§ **WHAT TO PRODUCE**
All that is needed is an exact copy of the lines from the beginning of the data below through the line containing "In addition to", minus the pictures.

(Stored items)
··········

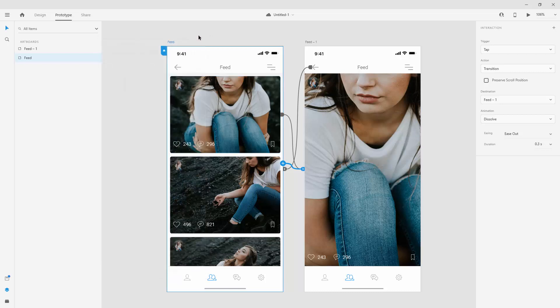The other way you can preview it is right here using mobile preview. You have to install free Adobe XD app on your iPhone or on your Android phone. And then for whichever phone you are designing, you can use this mobile preview and you can preview this design directly onto your mobile device.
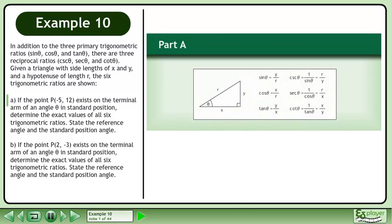In addition to the three primary trigonometric ratios — sinθ, cosθ, and tanθ — there are three reciprocal ratios: cosecθ, secθ, and cotθ.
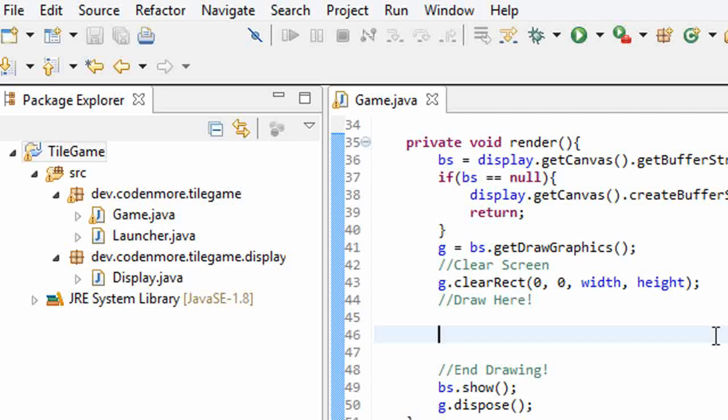What is going on everyone, my name is Codamore and welcome to episode 7 of the New Beginner Java Game programming tutorial series. In this tutorial, we're going to learn how to load and display images onto the screen, so let's get to it.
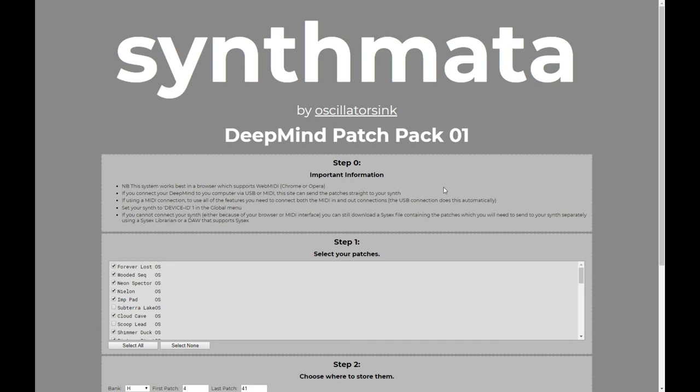This system is open source. You can check it out on the Synthomata GitHub page — github.com — just search for Synthomata and you'll find it. If you are someone who is making patches and wants to be able to distribute them more easily, it's all there. If you want some help integrating this with your site, you can drop me a line and I'll see what I can do. Okay guys, that's everything. I hope you enjoy the patches and the interface, and I hope to see you again soon on the channel. Bye-bye.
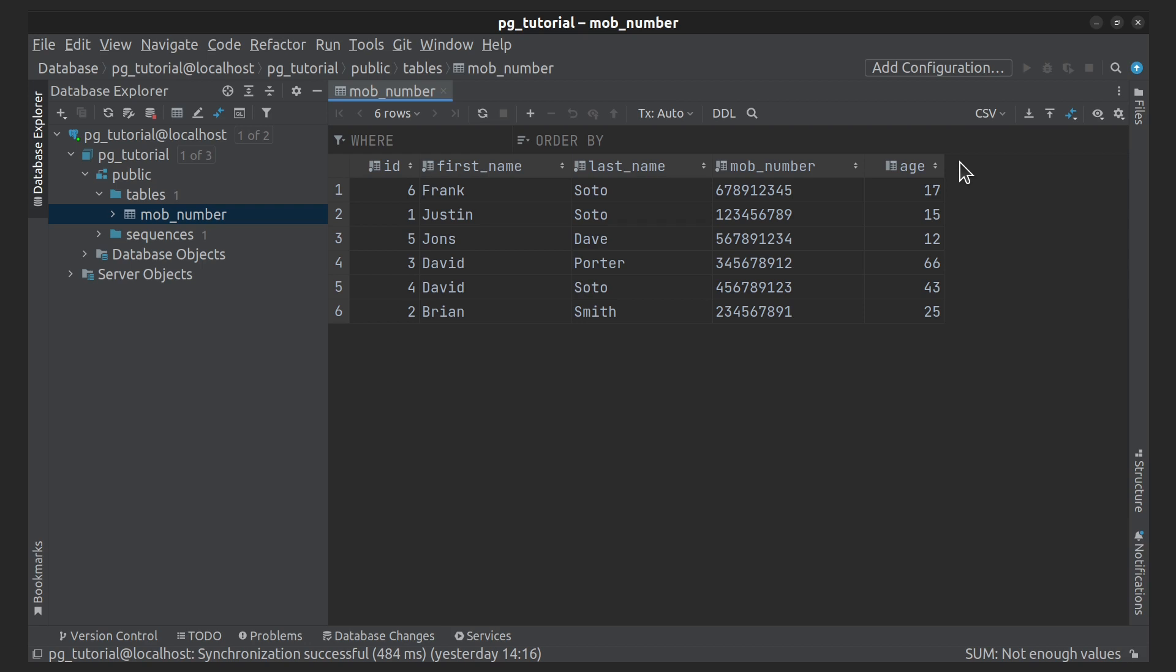I prepared the table to try aggregate functions. It consists of first name, last name, phone number and age. Let's try the aggregate function that I listed earlier.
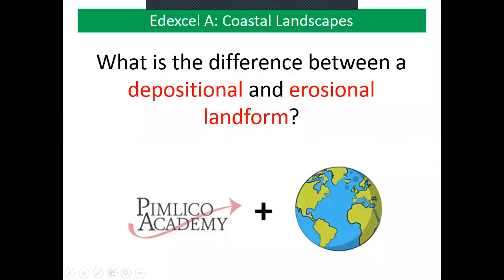Hello everyone. This video is going to explain what is the difference between a depositional and erosional landform. We're going to look at lots of different pictures of the coastline around the UK and decide whether erosion or deposition caused that landform.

··········

§ **OUTPUT OF THE EXERCISE**
The other way you can preview it is right here using mobile preview. You have to install free Adobe XD app on your iPhone or on your Android phone. And then for whichever phone you are designing, you can use this mobile preview and you can preview this design directly onto your mobile device.
In addition to the three primary trigonometric ratios — sinθ, cosθ, and tanθ — there are three reciprocal ratios: cosecθ, secθ, and cotθ.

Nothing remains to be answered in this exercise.